The investigated strategy is shown in Figure 3. Because of the hydrogen bonds established between the molecular ring and the R unit located on the axle, a pseudorotaxane is formed in solution [29,30]. This process involves the passage of the ring on the trans-A unit because it is less hindered in comparison with the S unit. At this point, light irradiation in the ultraviolet or blue regions converts azobenzene into the cis form. This transformation causes, on the one hand, the destabilization of the pseudorotaxane by weakening the ring–axle interactions (increase of the energy minimum) and, on the other hand, the increase of the barrier that the ring has to overcome to pass along the cis-A unit, which has now become larger than that associated with the passage on the S unit (Figure 3). The thermal or photochemical transformation of cis-azobenzene into the stable trans form, which is clean and efficient, completes the cycle, regenerating the starting pseudorotaxane.

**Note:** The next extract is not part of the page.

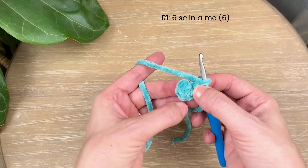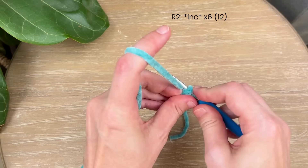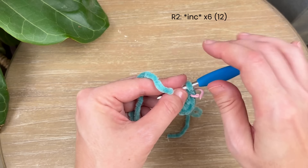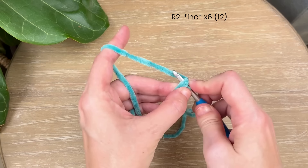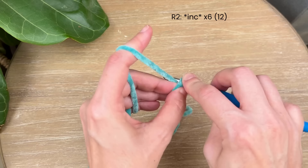Pull the ring closed — you should have six single crochet, and that makes up round one. Now going into round two, we're going to increase in each stitch around. Go into that first stitch, yarn under, yarn over, and mark that. To increase, do a single crochet in that same stitch. Repeat all the way around until you have 12 stitches at the end.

A literature search [31] and molecular modelling experiments suggested that a good candidate for the critical role of the photoinactive pseudo-stopper S is the cyclopentyl moiety. The nonsymmetric molecular axle 1H+ (Figure 4) was thus synthesized, and the photoinduced transit of the dibenzo-24-crown-8 ether 2 was investigated in acetonitrile at room temperature by steady state and time-resolved 1H NMR spectroscopy and UV–vis absorption experiments [32]. The kinetic measurements demonstrated that the photoisomerization of the A unit of 1H+ determines the threading/dethreading side (i.e., the height of the energy maximum) but, unfortunately, it does not affect the affinity of the axle for the macrocycle (i.e., the energy minimum). In other words, for these compounds under the employed conditions, the dissociation of the ring from the macrocycle cannot be obtained by light irradiation.

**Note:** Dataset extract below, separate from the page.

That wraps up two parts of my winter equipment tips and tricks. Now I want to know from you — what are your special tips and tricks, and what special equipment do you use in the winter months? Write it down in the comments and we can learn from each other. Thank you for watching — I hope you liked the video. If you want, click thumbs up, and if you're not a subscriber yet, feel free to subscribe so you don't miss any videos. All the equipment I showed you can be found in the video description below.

To overcome this problem, a second stimulus was used, namely, the addition of K+ ions capable of competing with 1H+ for the cavity of macrocycle 2. Indeed, the experimental data showed that the addition of an excess of KPF6 to a solution of the pseudorotaxane caused the extrusion of the ring from the S extremity of the axle, thus completing the directionally controlled threading/dethreading cycle [29]. Interestingly, the ring–axle interactions in can also be switched off by deprotonating the ammonium site R with a base. This process, however, causes a significant increase of the energy of the system, such that the consequent dethreading is very fast, even if the ring has to pass along the azobenzene in the cis configuration [22].
Autonomous operation under the effect of light
Building on these encouraging results, we improved the system so that the directional transit could be caused solely by light irradiation [18]. To this aim, the benzene units of macrocycle 2 were replaced with naphthalene ones (ring 3, Figure 4). Such naphthalene units are strongly fluorescent and thus enable the use of luminescence spectroscopy (a more sensitive technique than the NMR methods used in earlier experiments) to study the threading and dethreading processes. We also anticipated that the presence of larger aromatic units in the molecular ring could amplify the difference in affinity of 3 for the two isomeric forms of the axle 1H+ by exploiting the different ability of the trans- and cis-azobenzene units to interact with the naphthalene moieties by π-stacking. Finally, in order to enhance the ring–axle interactions, dichloromethane was used as the solvent in the place of acetonitrile. Indeed, spectrophotometric and fluorimetric titrations showed that the ring–axle association constants increased by almost three orders of magnitude in comparison to the values found in acetonitrile. Moreover, the association constant (K) of macrocycle 3 with axle trans-1H+ (Ktrans = 6.3 × 105 M−1) resulted to be about four times larger than that with the cis-axle (Kcis = 1.7 × 105 M−1). At the same time, the correct order of the rate constants (k) and, thus, the energy barriers (ΔE) associated with the passage of the macrocycle on the trans-A (ktrans-A = 54 M−1 s−1, ΔEtrans-A = 14.8 kcal mol−1), S (kS = 0.81 M−1 s−1, ΔES = 16.7 kcal mol−1) and cis-A (kcis-A = 3.9 × 10−2 M−1 s−1, ΔEcis-A = 19.0 kcal mol−1) units was maintained, in agreement with the fact that the cavities of macrocycles 2 and 3 have an identical size [22].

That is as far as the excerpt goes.